If you like theater with substance that tackles both the madhouse history of the Soviet-ruled Eastern bloc and the harrowing experience of escaping, then be sure to see this show. The show is based on Nikolchev's retelling of his father and grandparents' immigration from Bulgaria to the U.S. in 1969, based on research conducted during a recent visit back to the homeland. The play was originally mounted at a Wesleyan University stage in Connecticut, where avid thespian Nikolchev graduated in 2008.

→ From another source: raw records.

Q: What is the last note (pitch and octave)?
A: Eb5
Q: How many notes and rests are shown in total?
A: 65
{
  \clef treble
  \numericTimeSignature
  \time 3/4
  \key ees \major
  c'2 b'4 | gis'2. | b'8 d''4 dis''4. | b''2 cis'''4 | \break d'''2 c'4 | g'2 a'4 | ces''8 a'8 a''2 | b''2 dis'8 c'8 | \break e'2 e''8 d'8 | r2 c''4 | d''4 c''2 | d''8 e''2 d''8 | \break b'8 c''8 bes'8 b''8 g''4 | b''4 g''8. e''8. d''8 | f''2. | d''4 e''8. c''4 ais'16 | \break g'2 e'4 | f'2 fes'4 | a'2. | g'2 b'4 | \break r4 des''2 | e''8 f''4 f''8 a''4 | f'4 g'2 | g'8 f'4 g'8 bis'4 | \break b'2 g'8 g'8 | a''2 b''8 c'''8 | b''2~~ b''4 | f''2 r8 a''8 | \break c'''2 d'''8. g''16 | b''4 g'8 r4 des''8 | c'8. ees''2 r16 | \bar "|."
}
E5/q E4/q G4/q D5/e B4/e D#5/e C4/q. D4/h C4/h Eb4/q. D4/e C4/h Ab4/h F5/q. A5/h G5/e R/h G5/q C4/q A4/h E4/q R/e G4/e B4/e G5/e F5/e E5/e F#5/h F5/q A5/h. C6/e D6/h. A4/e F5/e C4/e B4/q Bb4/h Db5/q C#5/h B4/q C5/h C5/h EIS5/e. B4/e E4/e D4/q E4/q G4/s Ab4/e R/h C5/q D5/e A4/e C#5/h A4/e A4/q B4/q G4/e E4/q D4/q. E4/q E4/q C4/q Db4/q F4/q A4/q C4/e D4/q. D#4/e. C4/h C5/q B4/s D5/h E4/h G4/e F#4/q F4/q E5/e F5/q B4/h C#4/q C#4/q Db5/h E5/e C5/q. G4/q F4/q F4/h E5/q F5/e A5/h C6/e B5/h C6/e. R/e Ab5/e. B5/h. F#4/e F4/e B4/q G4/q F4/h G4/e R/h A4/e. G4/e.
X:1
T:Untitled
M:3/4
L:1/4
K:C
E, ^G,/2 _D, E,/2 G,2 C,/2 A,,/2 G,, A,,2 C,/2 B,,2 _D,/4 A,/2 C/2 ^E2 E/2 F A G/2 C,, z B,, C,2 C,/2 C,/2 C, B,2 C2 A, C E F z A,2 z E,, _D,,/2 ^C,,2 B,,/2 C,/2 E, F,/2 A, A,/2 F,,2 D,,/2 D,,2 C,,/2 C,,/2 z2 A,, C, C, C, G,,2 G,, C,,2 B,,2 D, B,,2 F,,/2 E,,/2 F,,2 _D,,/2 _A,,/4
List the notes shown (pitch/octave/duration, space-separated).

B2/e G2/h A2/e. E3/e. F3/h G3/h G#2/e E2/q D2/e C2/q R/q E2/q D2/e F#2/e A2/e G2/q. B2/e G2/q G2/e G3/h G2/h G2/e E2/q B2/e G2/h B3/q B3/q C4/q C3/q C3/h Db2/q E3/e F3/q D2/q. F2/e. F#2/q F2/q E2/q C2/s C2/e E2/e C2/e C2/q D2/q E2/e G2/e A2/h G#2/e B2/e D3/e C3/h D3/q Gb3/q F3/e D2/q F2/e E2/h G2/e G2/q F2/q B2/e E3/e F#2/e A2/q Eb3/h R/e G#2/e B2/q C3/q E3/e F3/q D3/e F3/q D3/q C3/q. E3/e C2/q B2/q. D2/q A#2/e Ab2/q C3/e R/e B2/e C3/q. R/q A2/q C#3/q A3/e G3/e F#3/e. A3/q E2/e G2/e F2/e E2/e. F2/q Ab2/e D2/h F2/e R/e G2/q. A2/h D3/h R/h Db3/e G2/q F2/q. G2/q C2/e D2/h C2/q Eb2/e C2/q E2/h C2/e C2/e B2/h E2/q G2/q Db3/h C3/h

The Athenaeum Theater's back studio sure isn't an archetype of coziness, in fact it's rather dreary, with seats that could use a face lift, and a general atmosphere of uninviting drabness. In other words, it's the perfect setting for a play about the life under Communism. The setting of a cage and two suitcases set the scene for nuanced minimalism. And considering Nikolchev's startling dead-on performances as various characters, including Gencho Shonev, a prisoner at a communist gulag prison, The Immigrant (based on Nikolchev's father), Vasil, a spy burdened with guilt, and Grigorina (Nikolchev's grandmother), not much else is needed in terms of scenery. The acting and intense storyline speaks loud and clear.
The play starts out with the Immigrant listening to the broadcast American news on his son's radio, while waiting with his family to be granted access to the United States from detainment at an Italian refugee camp, circa 1969. The Immigrant then goes on to relive the events that explore tyranny and oppression at the hands of the Soviets and simultaneously, the particular identity crisis of leaving your homeland in the quest for a new one. Events along the journey include: Bulgaria's collaborations with the Nazis in WWII that led to being overtaken by Soviet Russia, the purging of anti-Soviet elements such as non collective farms, torture in the gulag, spying, and the family's escape from Bulgaria to the Congo on their way to America, that involved the witnessing of a hanging.
It's no surprise that Nikolchev has studied method acting, as he brilliantly assumes each character with total immersion and conviction. The dialogue is crisp and vivid, taking you on a deftly explained tour through a complex historical chapter of the 20th century. Nikolchev is an actor/writer to watch.